Start of Block

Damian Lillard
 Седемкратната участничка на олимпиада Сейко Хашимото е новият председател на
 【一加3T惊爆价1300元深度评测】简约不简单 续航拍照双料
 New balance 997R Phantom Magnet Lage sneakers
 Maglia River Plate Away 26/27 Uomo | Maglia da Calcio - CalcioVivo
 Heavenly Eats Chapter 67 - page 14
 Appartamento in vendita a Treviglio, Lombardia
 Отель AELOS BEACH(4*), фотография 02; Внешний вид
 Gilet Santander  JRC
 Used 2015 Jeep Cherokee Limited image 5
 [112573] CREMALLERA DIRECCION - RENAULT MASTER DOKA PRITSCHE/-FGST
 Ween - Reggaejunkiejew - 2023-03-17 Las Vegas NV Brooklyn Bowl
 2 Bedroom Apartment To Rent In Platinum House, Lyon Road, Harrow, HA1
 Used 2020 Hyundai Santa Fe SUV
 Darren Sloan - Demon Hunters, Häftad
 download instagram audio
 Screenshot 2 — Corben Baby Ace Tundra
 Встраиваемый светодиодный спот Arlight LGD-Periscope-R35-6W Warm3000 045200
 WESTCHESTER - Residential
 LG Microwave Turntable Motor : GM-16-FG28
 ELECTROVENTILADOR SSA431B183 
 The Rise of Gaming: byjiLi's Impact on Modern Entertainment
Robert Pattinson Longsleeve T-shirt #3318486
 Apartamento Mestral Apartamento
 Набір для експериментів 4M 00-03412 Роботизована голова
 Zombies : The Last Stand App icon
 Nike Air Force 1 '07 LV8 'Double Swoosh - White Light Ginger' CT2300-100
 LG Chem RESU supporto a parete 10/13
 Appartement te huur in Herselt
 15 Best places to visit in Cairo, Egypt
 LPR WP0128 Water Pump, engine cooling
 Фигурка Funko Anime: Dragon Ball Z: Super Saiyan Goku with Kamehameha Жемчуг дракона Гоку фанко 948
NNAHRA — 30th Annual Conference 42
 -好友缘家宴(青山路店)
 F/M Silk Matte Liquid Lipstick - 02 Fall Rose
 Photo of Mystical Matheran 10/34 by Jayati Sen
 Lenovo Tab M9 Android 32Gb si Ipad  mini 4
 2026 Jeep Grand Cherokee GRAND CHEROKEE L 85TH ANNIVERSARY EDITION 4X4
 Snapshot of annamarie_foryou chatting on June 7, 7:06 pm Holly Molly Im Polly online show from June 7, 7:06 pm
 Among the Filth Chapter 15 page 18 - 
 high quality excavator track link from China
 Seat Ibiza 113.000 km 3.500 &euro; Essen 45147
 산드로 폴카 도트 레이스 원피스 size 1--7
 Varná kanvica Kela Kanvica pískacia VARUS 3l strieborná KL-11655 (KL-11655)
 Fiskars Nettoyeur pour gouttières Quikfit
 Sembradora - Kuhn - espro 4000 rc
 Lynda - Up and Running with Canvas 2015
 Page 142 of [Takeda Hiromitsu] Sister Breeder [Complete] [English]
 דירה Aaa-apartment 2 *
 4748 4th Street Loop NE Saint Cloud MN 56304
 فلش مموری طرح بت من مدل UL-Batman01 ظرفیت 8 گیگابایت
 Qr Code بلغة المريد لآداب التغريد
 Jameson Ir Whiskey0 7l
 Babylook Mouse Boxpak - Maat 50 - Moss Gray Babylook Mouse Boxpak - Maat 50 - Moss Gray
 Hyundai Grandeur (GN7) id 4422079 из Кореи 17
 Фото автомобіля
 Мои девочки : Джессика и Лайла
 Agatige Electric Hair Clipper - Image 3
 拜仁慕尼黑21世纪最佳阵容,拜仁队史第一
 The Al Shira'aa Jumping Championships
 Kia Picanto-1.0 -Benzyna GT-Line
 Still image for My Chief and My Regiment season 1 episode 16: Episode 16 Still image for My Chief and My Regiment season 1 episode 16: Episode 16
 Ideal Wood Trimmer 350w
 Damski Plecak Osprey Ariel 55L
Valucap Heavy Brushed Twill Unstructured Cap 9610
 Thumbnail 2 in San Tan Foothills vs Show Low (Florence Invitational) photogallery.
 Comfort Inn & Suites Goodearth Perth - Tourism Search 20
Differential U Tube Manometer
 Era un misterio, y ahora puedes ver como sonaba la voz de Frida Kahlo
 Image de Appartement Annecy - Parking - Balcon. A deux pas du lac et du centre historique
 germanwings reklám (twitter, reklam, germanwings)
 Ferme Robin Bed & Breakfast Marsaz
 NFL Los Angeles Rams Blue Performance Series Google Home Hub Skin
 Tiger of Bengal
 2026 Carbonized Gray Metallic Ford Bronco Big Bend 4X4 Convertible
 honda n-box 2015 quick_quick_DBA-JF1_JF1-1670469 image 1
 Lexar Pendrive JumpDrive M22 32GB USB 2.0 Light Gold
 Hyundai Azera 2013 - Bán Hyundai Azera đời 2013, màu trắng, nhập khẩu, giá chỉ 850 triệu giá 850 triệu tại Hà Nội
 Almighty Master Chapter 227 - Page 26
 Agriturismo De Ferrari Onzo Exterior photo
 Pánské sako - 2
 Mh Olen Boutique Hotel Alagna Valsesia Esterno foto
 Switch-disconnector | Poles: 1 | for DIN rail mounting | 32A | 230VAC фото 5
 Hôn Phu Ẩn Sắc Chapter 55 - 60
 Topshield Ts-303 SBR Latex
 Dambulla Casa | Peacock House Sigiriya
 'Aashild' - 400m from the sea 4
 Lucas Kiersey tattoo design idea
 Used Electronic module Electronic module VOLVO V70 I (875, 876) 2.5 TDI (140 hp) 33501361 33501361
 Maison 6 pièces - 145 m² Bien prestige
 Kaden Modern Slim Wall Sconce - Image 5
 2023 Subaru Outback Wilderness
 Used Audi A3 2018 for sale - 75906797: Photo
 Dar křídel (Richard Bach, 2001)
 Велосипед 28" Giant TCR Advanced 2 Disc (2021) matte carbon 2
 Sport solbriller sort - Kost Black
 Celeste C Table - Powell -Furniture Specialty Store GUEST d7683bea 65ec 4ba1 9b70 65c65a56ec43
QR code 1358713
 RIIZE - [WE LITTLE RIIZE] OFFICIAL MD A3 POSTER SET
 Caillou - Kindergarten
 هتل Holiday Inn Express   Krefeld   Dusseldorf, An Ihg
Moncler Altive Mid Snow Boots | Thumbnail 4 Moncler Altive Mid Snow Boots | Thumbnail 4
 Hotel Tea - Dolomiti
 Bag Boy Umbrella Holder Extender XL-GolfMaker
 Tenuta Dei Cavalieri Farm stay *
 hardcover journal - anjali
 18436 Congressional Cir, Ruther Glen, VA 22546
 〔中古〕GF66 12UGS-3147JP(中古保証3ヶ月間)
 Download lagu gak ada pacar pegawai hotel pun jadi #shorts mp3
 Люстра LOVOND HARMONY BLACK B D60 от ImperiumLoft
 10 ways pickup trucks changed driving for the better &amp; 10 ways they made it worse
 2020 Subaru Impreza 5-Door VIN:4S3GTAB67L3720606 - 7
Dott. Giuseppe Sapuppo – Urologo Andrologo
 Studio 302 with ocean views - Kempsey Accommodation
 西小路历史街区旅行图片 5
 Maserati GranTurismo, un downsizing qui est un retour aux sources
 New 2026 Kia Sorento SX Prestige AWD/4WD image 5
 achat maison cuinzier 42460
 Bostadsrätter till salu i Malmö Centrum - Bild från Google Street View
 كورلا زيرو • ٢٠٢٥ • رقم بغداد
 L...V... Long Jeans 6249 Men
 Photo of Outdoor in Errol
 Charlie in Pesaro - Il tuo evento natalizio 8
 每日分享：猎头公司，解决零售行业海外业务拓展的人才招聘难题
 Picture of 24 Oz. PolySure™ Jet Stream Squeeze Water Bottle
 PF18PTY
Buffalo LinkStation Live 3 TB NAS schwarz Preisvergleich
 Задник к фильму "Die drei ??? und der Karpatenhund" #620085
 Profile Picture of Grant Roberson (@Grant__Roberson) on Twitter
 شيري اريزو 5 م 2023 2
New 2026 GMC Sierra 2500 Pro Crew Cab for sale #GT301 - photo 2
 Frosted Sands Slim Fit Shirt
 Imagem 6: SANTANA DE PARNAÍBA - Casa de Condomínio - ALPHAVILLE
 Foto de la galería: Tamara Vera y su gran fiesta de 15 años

End of Block

Exercise instructions: In the material above, find every line with the word "Used" and show it.

Result for this task:
 Used 2015 Jeep Cherokee Limited image 5
 Used 2020 Hyundai Santa Fe SUV
 Used Electronic module Electronic module VOLVO V70 I (875, 876) 2.5 TDI (140 hp) 33501361 33501361
 Used Audi A3 2018 for sale - 75906797: Photo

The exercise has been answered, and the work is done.